It’s shows the measure of the music when someone can come back from a massive technical fault and still threaten to rip the roof off the place.
Jon Hopkins appears from side stage, like a bumbling comedian, apologising for the absence of visuals after half an hour (an error message began interrupting his Kawaii animated backdrops.) Eventually he gives up on fixing them and gets back to laying waste to Vicar Street, while two dancers with light gadgets appear to be directing air traffic from either side of the stage.
It’s a strong, well choreographed – Hopkins frustration revealing itself to be more understandable as the week goes on.
“You spend thousands on a show and then something like this happens,” he says after.

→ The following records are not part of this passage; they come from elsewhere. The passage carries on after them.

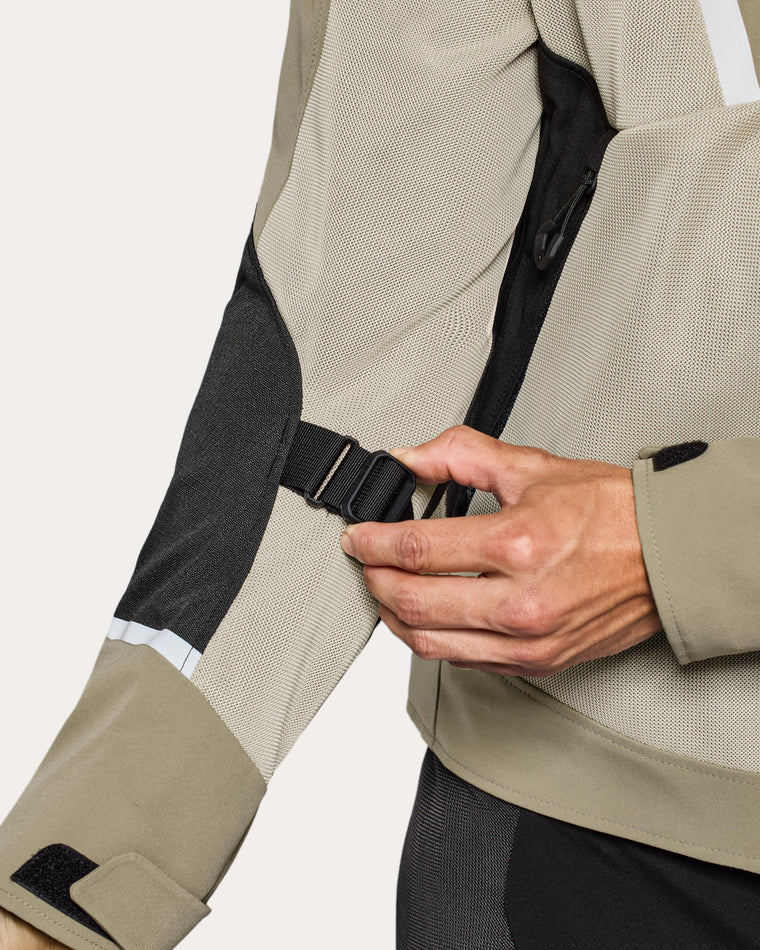 Adjustment strap at lower arm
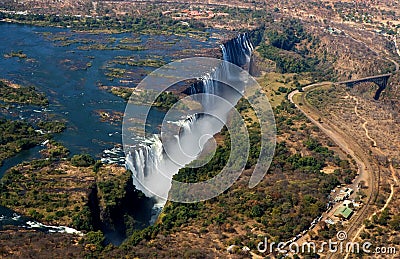 View of the Falls from a height of bird flight. Victoria Falls. Mosi-oa-Tunya National park.Zambiya. and World Heritage Site. Cartoon Illustration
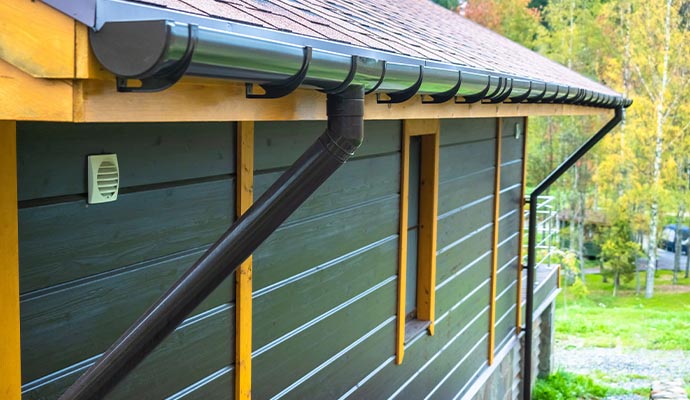 A home exterior featuring professionally installed aluminum gutters and downspouts designed for long-lasting water protection.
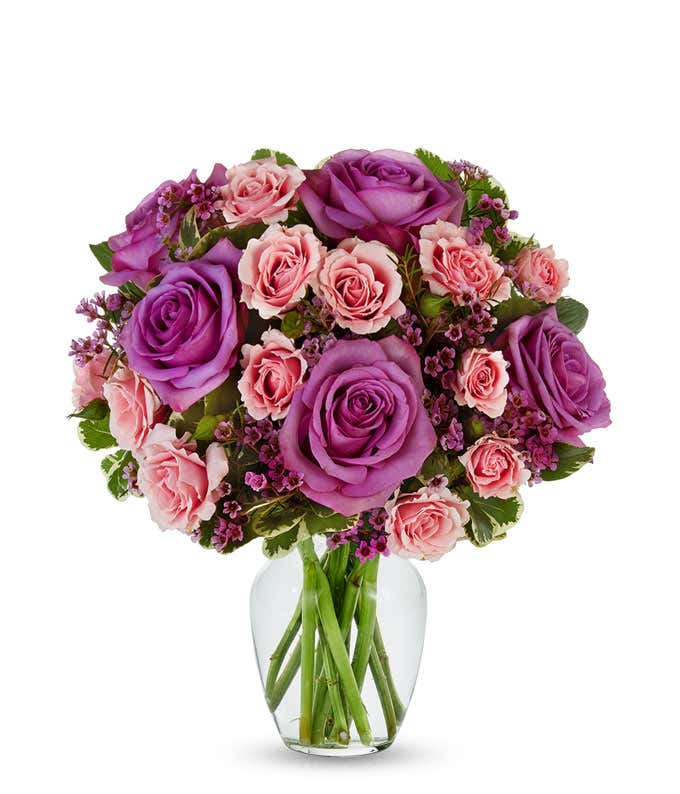  A bouquet in a clear vase featuring large purple roses, light pink roses, and small pink waxflowers. The arrangement is lush and rounded, with green leaves adding contrast and depth, and the fresh green stems visible through the vase.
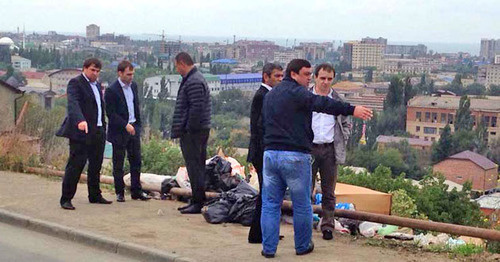 The heads of the administration of the Soviet District Court of Makhachkala inspect sanitary state of the platform containers and adjacent territory. Dagestan, October 2014. Photo: the official site of the administration of Makhachkalan http://www.mkala.ru/ The heads of the administration of the Soviet District Court of Makhachkala inspect sanitary state of the platform containers and adjacent territory. Dagestan, October 2014. Photo: the official site of the administration of Makhachkalan http://www.mkala.ru/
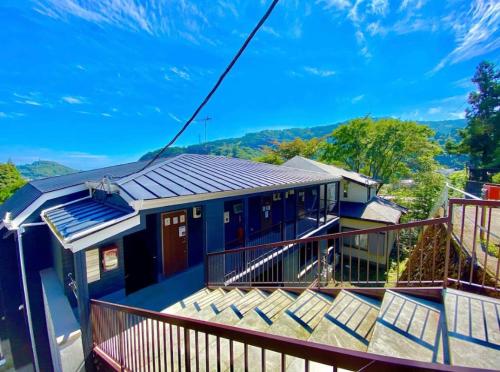 a blue house with a balcony with a view at 箱根湯本から一駅。大正〜昭和の家具に囲まれた、緑香るウッドテラスのある宿。高台から小田原の街を一望　 in Odawara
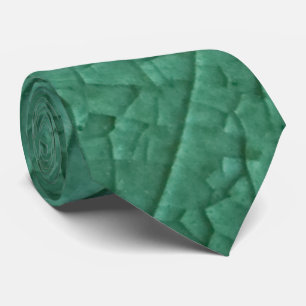 Green stone cracks tie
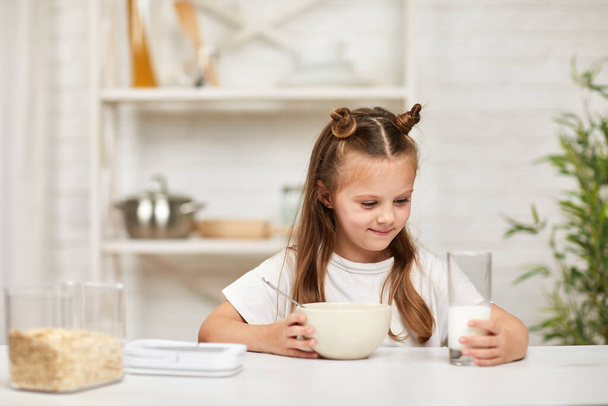 little girl eating breakfast: cereal with the milk in the kitchen. - Foto, imagen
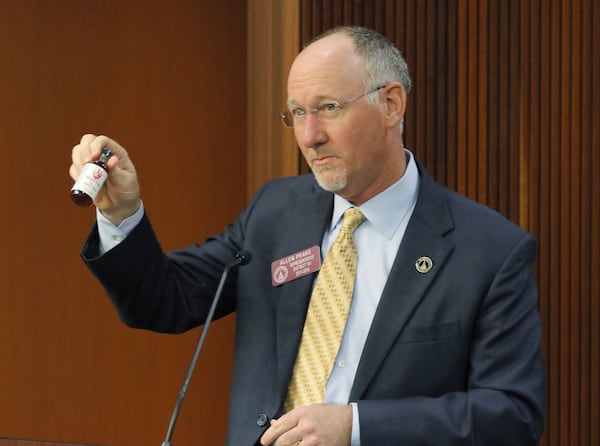 Feb. 20 2017 - Atlanta - Rep. Allen Peake holds a bottle of cannibis oil as he presents a medical marijuana update bill. It’s the first step toward passage in the House. (BOB ANDRES /BANDRES@AJC.COM)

As said though, it proves no matter to gig goers. ‘Singularity’ bolsters confidence in the notion that Hopkins may well have produced the album of the year. The tempo of Emerald Rush is as intoxicating as ever, with the thousand or so attendees allowing themselves to be swept away by the frenetic energy.
By contrast, set highlight Luminious Beings’ beautiful melody brings the set to a simmering, shimmering half – well, until the encore at least, when things get suitably freaky again.
Some hold firm on the idea that electronic music is only made for a certain kind of person. Hopkins proved on ‘Singularity’ with his cinematic soundscapes that the genre is only as limiting as you see it to be. The same goes for his live shows – Hopkins succeeds in bringing the expansive worlds he’s created within his music and blows them up ten feet tall, even in the smallest of spaces. A technical error such as the one that befell him would have derailed a less confident artist. It helps when you have the content to back it up too, too.